From 2000, EIPM has developed its International branches (China, Brazil, India…) to support its clients who were no longer buying exclusively in Europe, but buying and producing globally – paying less (LCC – Life Cycle Costing) and better serving the Company’s commercial expansion strategy throughout the world.

Those different stages have also led to market consolidation, both geographically and by sectors. The world was shrinking, working 24/24 hours, 365 days a year, with fewer players. The goal was to reduce the number of first class suppliers to be better served with a smaller TCO (Total Cost of Ownership) by reducing the administrative costs. By adopting those practices, popular back then, purchasing has dried up the supplier market, leading to today’s efforts to restore those sources. Those particularities make that, today, supply chain actors compete with each other, often facing bottlenecks on the first or second levels!

By analysing the past 30 years, it is important to point out that purchasing hasn’t made much of a revolution. We could say that today we don’t work deeper, but wider! If we use today the same techniques and practices that we used 30 years ago, we can certainly find today more companies which are sensitive to the strategic impact of these methods.

 

How this function should evolve?

Today, the buyer is not only buying a service, a product or a solution. He is buying a supplier relationship. Within a global context, the buyer becomes, indeed, the interface between the internal business partners (who should no longer be considered internal customers) and the external business partners (who are more than suppliers).

He will ensure the integration between internal and external in order to contribute to value creation. He will therefore become the LED (leader for extended development). His role will be to align the purchasing strategy to the company’s strategy:

  • The buyer will invest in innovation to support the differentiation strategy of the company – he will then contribute to better sales – and therefore to profit.
  • The buyer will negotiate prices and capacity to support the market share strategy of the company – he will then contribute to more sales.

More than ever, in order to contribute to value creation, the LED must lean on some of the external business partners and be recognised by them as the customer of choice, to whom the technology and capacity will be attributed to in priority. To develop this type of relationship, the LED must be:

  • A salesperson capable of enhancing the value of his company and not only a technical specialist who buys;
  • A leader of a cross functional team and not only a simple manager;
  • An entrepreneur who dares to take risks and also deals with them;
  • A communicator who convinces the different partners, and not only to negotiate.

Those skills are needed to support the development of new relationships with suppliers.

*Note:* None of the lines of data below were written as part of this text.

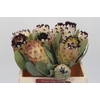 Protea Barbigera Snow Princess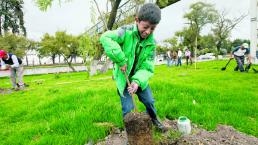 Inicia la plantación de tres mil árboles en Paseo Tollocan
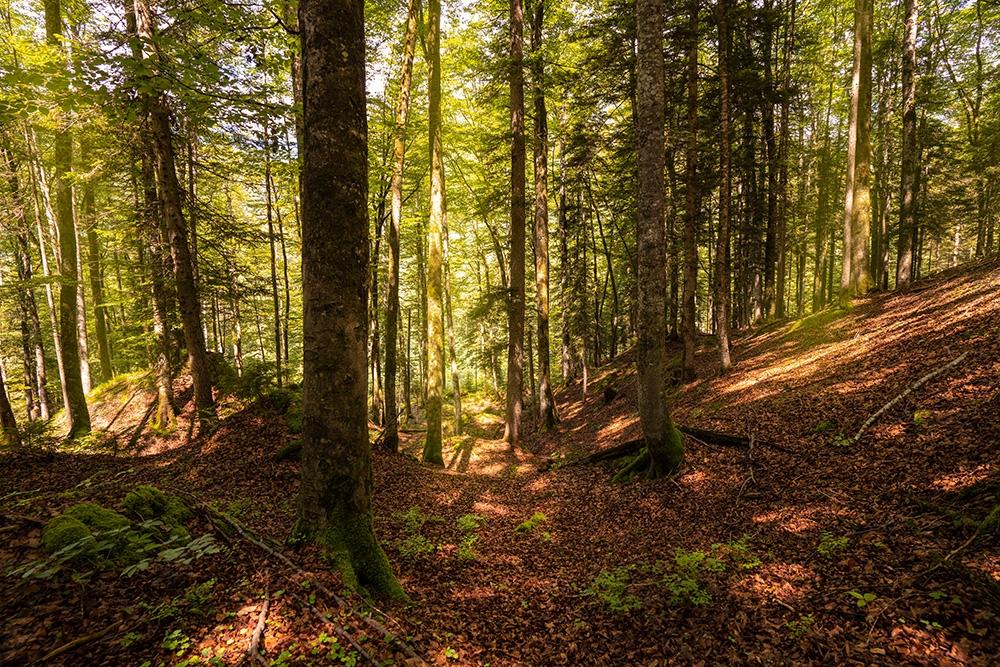 Fototapete Wald in Tirol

Those skills have, by the way, tremendously evolved if compared to what the first generations of buyers were seeking to develop. At that time, they essentially needed to prove they were capable of building a purchasing culture and developing purchasing techniques. Purchasing needed recognition by attracting new talents.

 

Developing a sustainable ecosystem

Today the expected skills have change, as the role of the buyer evolves. The LED contributes to a sustainable Economic Renaissance of its Ecosystem and not only to the improvement of the company profit. Indeed, as already started in the USA, the buyer will have a societal role by implementing within his near ecosystem the businesses he previously deployed in low-cost areas. By locally concentrating his purchases – not necessarily for a lower cost, but for a bigger value to his company (those suppliers may also be clients) – the LED allows industrial or service sectors to redeploy and reborn!

Those are the human, ethic, social, humility and justice values that will allow the LED to be recognised within his ecosystem (internal and external) in order to, all together, create Value.

The development of a sustainable Ecosystem can only be attained when the same values are shared between its different members – internal and external partners.

The creation of Value stands on the sharing of common Values. That’s why, for EIPM, tomorrow’s motto for Purchasing and LED will be: “Values for Value”.